Resistência – Michel Pêcheux

A resistência é uma elaboração do erro que e repete até tranformar o próprio sentido. Se o discurso é um efeito de sentido entre locutores (Pêcheux, 1997) e, ao mesmo tempo, o sujeito do discurso é interpelado por formações discursivas, é necessário lembrar que todo ritual está sujeito a falhas e, portanto, todo discurso está sob a tensão do erro que abre margens para uma nova semântica. 

Da série “Michel Pêcheux: Conceitos Fundamentais“.

Índice

Introdução

A resistência se encontra entre o realizado e o irrealizável. A própria atitude revolucionária é compromissada com a realização daquilo que é imprevisível, imprevisto, impensado. Para Michel Pêcheux (1990), nas falhas intrínsecas aos processos de interpelação ideológica conforme formulado por Louis Althusser (1980), há a possibilidade do novo, do diferente, do contraditório ou do criativo.

A própria língua em sua estrutura constrói o latente do invisível que somente não tomou sua forma manifesta por um detalhe histórico:

A existência do invisível e da ausência está estruturalmente inscrita nas formas linguísticas da negação, do hipotético, das diferentes modalidades que expressam um “desejo”, etc., no jogo variável das formas que permutam o presente com o passado e o futuro, a constatação assertica com o imperativo da ordem e a falta de asserção do infinitivo, a coincidência enunciativa do pronome eu com o irrealizado nós e a alteridade do ele (ela){ e dos eles (elas)… Através das estruturas que lhe são próprias, toda língua está necessariamente em relação com o “não está”, o “não está mais”, o “ainda não está” e o “nunca estará” da percepção imediata (Pêcheux, 1990, p. 8).

É inevitável, segundo o autor, a questão do invisível, a questão daquilo que não se mostra concretamente ou simbolicamente, mas que se encontra latente em sua própria ausência delimitada linguisticamente. Na presença de sua ausência. A passagem de um mundo a outro (de um mundo vigente para um mundo pós-transformação) é, então, um problema central na construção de uma revolução, sendo que esta passagem representa o próprio nascimento de um mundo novo, a própria realização do irrealizado latente de uma formação social específica.

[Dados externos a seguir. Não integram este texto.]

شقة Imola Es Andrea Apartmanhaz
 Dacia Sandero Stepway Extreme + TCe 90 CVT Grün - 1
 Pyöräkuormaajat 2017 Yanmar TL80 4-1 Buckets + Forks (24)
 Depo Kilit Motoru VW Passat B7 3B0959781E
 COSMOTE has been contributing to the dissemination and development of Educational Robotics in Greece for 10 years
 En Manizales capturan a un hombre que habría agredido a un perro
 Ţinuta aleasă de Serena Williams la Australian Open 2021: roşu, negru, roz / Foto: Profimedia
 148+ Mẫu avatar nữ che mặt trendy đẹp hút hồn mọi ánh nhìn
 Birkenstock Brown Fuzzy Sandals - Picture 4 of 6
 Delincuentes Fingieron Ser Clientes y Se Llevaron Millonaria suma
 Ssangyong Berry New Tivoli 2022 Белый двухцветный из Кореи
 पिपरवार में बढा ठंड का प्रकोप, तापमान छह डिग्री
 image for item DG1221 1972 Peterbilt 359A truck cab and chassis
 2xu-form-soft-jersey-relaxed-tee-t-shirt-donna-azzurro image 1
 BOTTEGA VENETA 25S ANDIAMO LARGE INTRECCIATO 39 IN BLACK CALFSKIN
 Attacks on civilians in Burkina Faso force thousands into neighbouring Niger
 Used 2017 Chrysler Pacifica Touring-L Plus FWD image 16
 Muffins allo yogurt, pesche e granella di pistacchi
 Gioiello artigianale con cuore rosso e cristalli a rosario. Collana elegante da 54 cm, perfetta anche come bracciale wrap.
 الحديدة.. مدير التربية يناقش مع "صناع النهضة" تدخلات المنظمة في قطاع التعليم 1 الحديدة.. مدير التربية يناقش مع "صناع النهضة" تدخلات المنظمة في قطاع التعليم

A partir destas reflexões de Pêcheux (1990), irei expor sua noção de resistência que, apesar de não ser tão longamente elaborada como a de Michel Foucault, opera uma possibilidade de pensar diferentes formas de luta no interior da própria luta ideológica.

As revoluções

A revolução francesa pode ser compreendida como uma destruição daquilo que separava materialmente a possibilidade da construção ideológica de um povo uno.

As ideologias feudais supunham a existência material de uma barreira linguística que separava aqueles que, por seu estado, eram os únicos suscetíveis de entender claramente o que tinham a ser dizer, e a massa de todos os outros, tidos como inaptos para se comunicar realmente entre si, e a quem os primeiros só se endereçavam pela martelação retórica da religião e do poder (Pêcheux, 1990, pp. 8-9).

A revolução francesa foi responsável pela destruição deste mundo duplo, desta separação entre um mundo legítimo e um mundo ilegítimo, ou entre um mundo sagrado e um mundo profano. Foi a responsável por tornar uma população difusa, mas dividida entre aqueles que poderiam ter acesso ao centro da verdade e aqueles que só poderiam encontrá-la pelo intermédio dos autorizados em uma sociedade que realizou o irrealizável: rompeu a barreira específica da língua a partir da adoação de uma política da língua e construiu uma população enquanto elemento político. O “nós”, o “todos” e o “cada um” que incorpora todas as possibilidades e variações da vida em uma sociedade sem uma separação profunda entre autorizados e não autorizados pôde se realizar numa novidade momentânea.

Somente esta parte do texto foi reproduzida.